Before this question came, Haley had said, “America does not seek to leave the Council but we seek to re-establish the Council’s legitimacy”.
Specifically, the American administration wants three changes.
It wants changes in the elections “so countries are forced to make their case for membership based on their records not their promises” and also keep the “world’s worst human rights abusers” out of membership.
Secondly, the secret ballot must be replaced with open voting so those who support human rights violators would “show their faces”.
Thirdly, and most emphasized by the US is the removal of agenda item 7—human rights in Palestine and other occupied Arab territories—which is a permanent feature in every Council session calling it “the scandalous provision that singles out Israel for automatic criticism”. It is “the central flaw” that turns the HRC into an “organization overwhelmed by political agenda”, Indian-origin diplomat said, and that “there is no legitimate human rights reason for this agenda item to exist”.
Since its creation, there have been 70 resolutions against Israel and only seven against Iran. It is an attempt to give “an international stamp of approval to the anti-Semitic BDS (Boycott, Divestment, Sanctions) movement”. It would be appropriate to have agenda items against Iran, Syria and North Korea, Haley said. Claims against Israel could still be brought under agenda item four, just as claims can be brought there against any other country, the US suggested. Having a permanent agenda item at the Council against Israel –with its “strong” human rights record”—is like having an agenda item against the US, the UK, Canada or France. “More appropriate” would be to have an agenda item against Iran, Syria or North Korea.
The top US diplomat called these changes “minimum necessary to resuscitate the Council”.
“The Human Rights Council must change. If it fails to change then we must pursue the advancement of human rights outside of the council,” she warned.
The US had boycotted discussions under agenda item 7 in the last HRC session in March.
“As an expression of our deeply-held conviction that this bias must be addressed in order for the Council to realize its legitimate purpose, the United States decided not to attend the Council’s Item Seven General Debate session,” said a press release from the US’ Secretary of State office.
Haley’s statements made the UN and governments further nervous after Trump’s recent announcement of withdrawal from the Paris climate accord that was reached after tough negotiations with 195 countries, and accommodating American interests.
The former South Carolina governor lashed out at the Council accusing it from suffering from a “credibility deficit”—a term used by former UN Secretary General Kofi Annan—an “awful lot like the discredited” the Human Rights Commission, the predecessor of HRC.
“It reinforces our growing suspicion that the HRC is not a good investment of our time, money and national prestige,” she said.
More than half of the Council members fail to meet basic human rights standards as measured by Freedom House, Haley accused, specifically mentioning Venezuela, Cuba, China, Burundi and Saudi Arabia.

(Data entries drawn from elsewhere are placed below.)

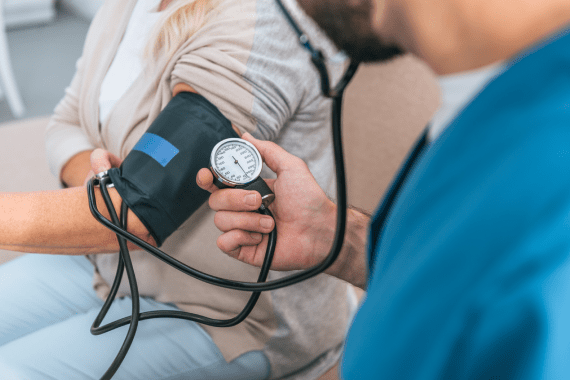 Gale Primary Care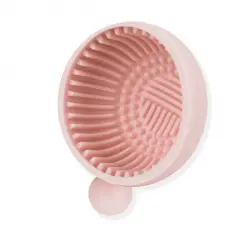 Limpia Brochas Silicona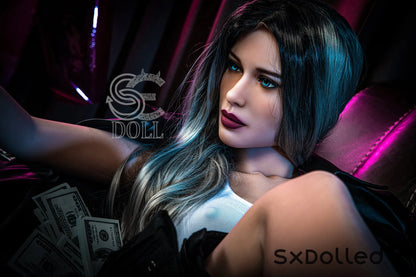 Margot (E-Cup) (163cm) | Sex Doll | SE Doll | SxDolled.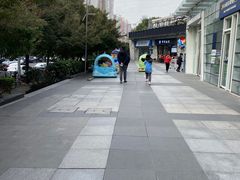 -证大大拇指广场(芳甸路店)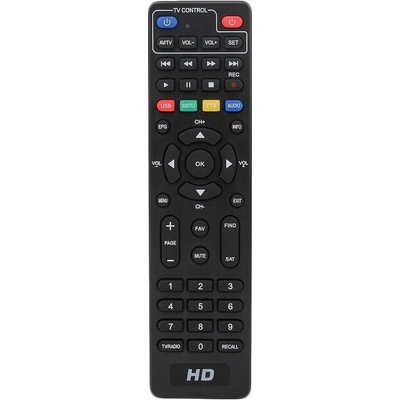 Diaľkový ovládač Opticum Premium Box H.265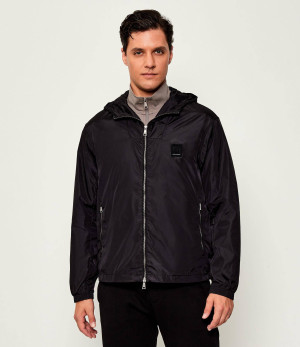 Armani Exchange Kurtka | Regular Fit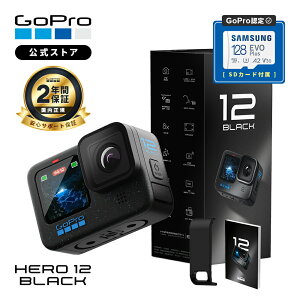 y2NۏؕtzGoPro HERO12 Black FSDJ[ht + TChhA + { Ki EFAuJ ANVJ S[v12 gopro12 q[[12 S[v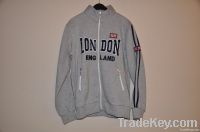 Hoodies and Jackets From Turkey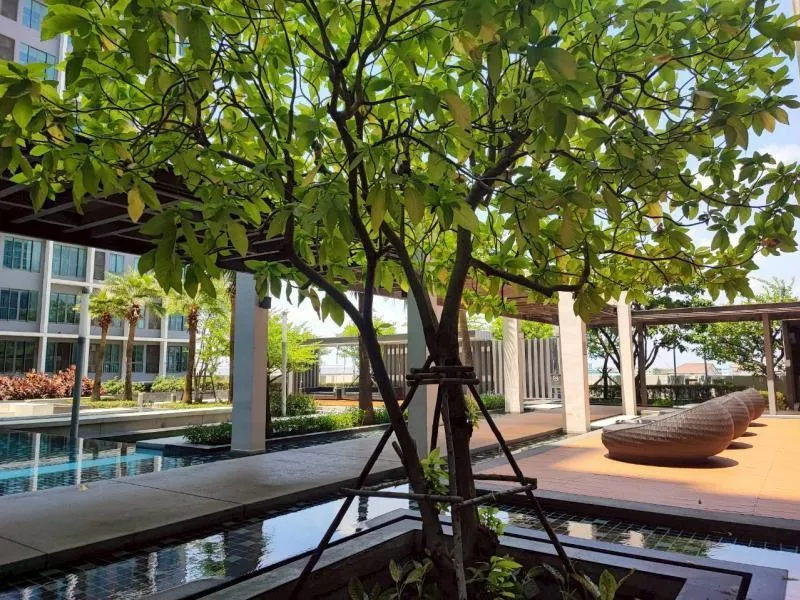 For Sale Condo , Ideo Mobi Charan Interchange , MRT-Bang Khun Non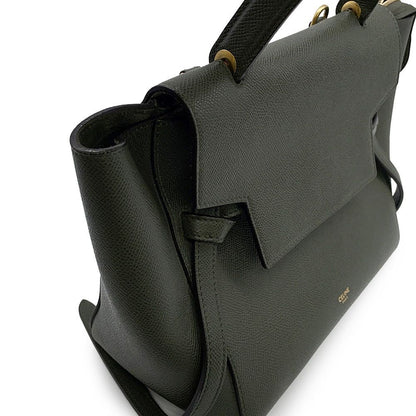 Celine Belt Bag Micro Leather 2-Way — view 7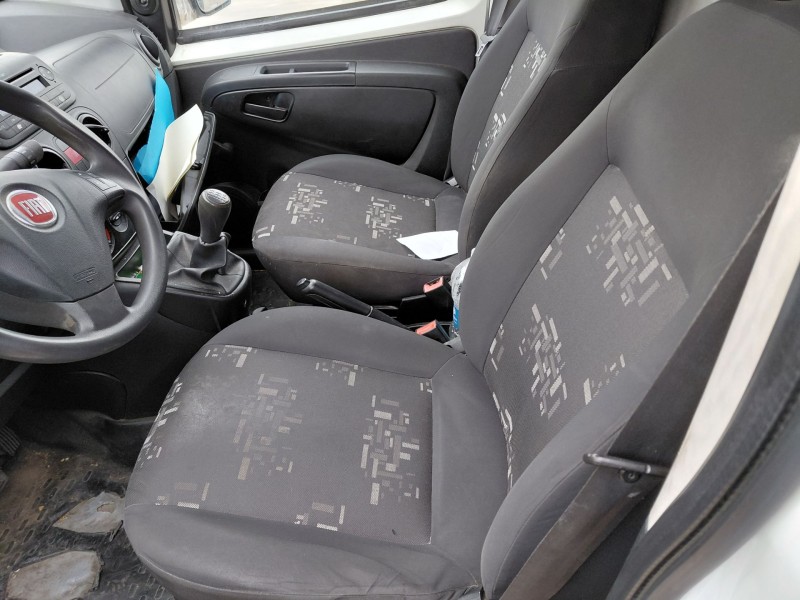 fiat fiorino furgoneta/monovolumen (225_) del año 2014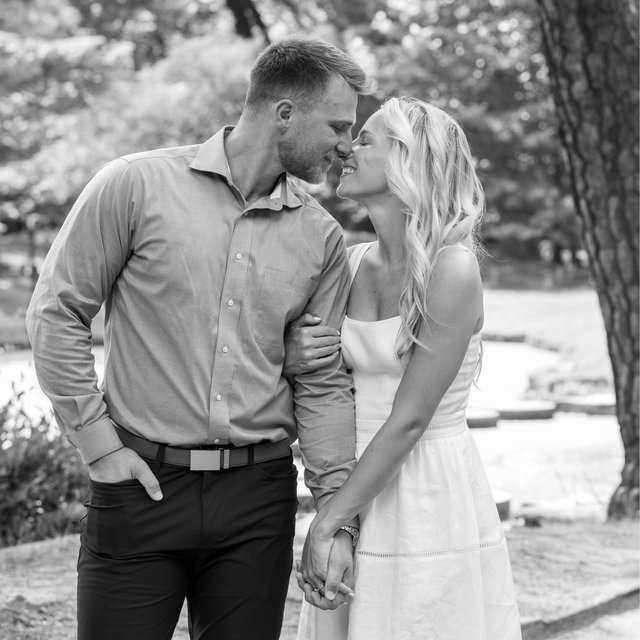 Newly-Wed Fund!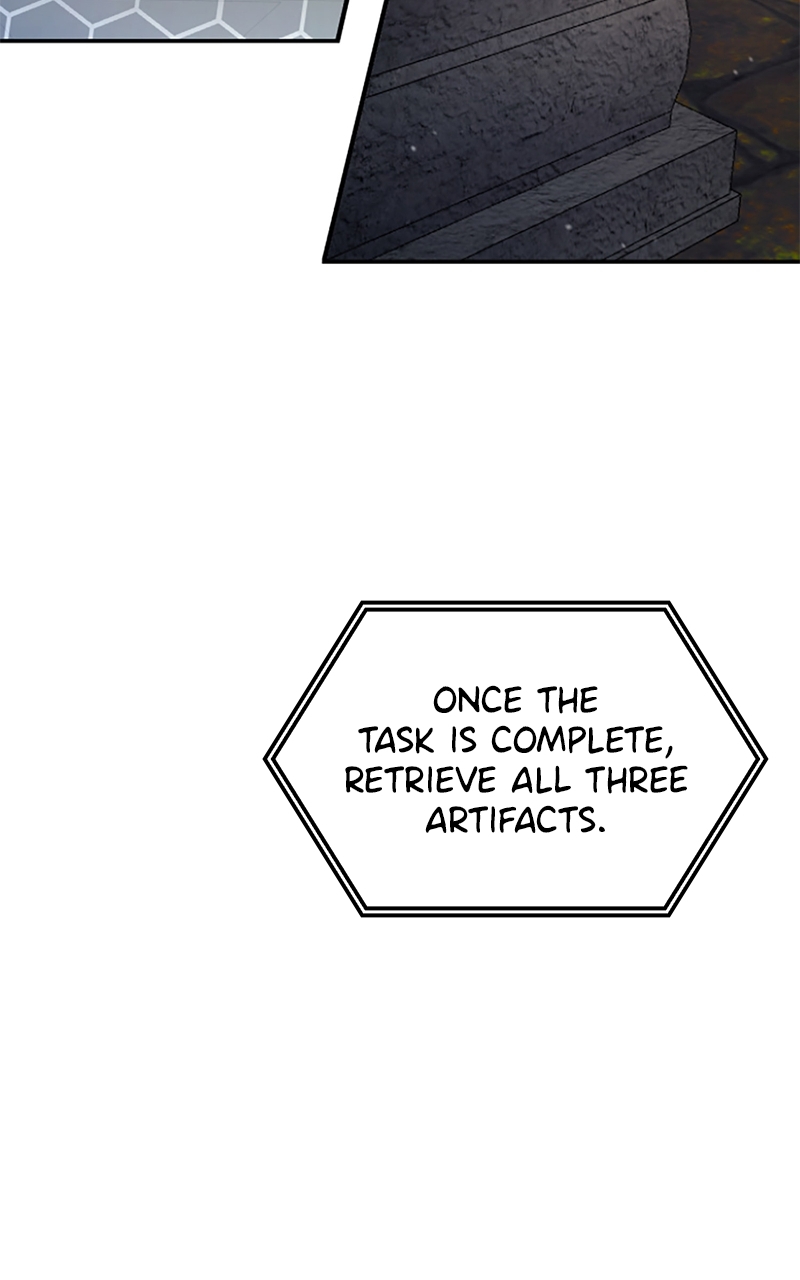 Assassin’s Creed: Forgotten Temple Chapter 123 - Page 23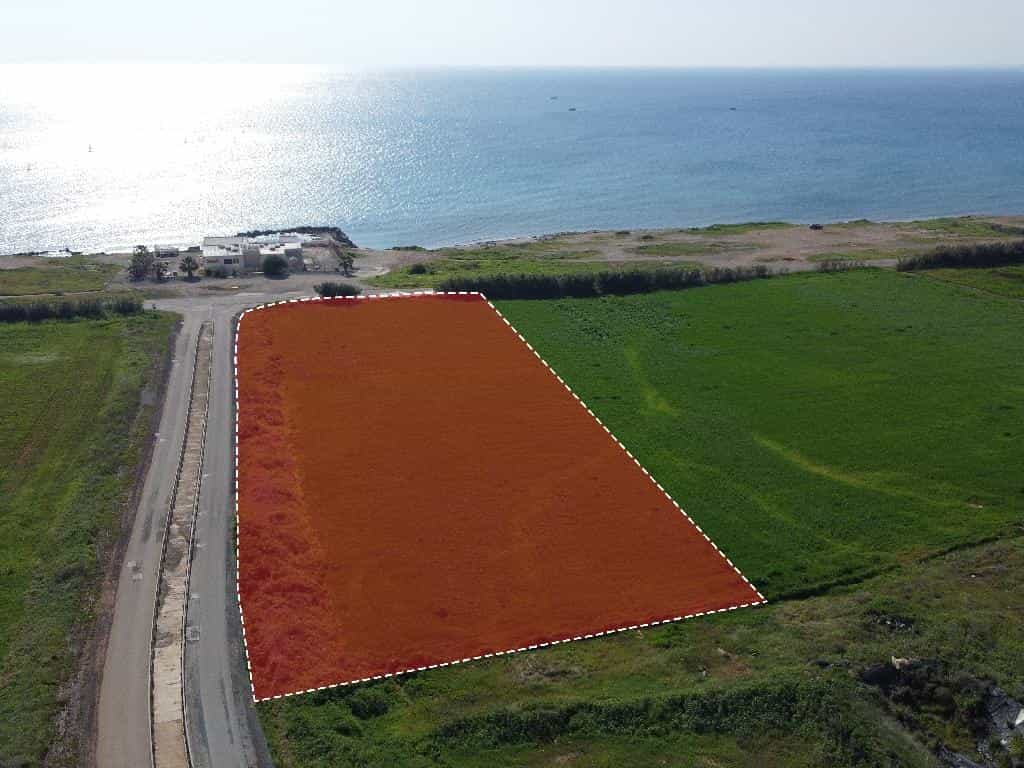 Land in Ormideia, Larnaca 12474140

That Cuba “uses” its membership in the Council to appear as a supporter of human rights rather than a violator is a “reversal of the truth that would make George Orwell blush”.
“In case after case, it has been a forum for politics, hypocrisy, and evasion – not the forum for conscience that its founders envisioned,” Haley said.
Earlier in the day, in a statement at the opening session of the HRC, Haley said that “the United States is looking carefully at this Council and our participation in it”.
The American politician-turned-diplomat in her Geneva speeches made several references to Venezuela: in her statement to the HRC, a side-event at the HRC hosted by the US on human rights situation in Venezuela and in her speech at the Graduate Institute of Geneva.
“The US is always going to be strong on human rights,” she said.
“America did not invent these rights (rights to life, liberty and pursuit of happiness), God did,” she stated.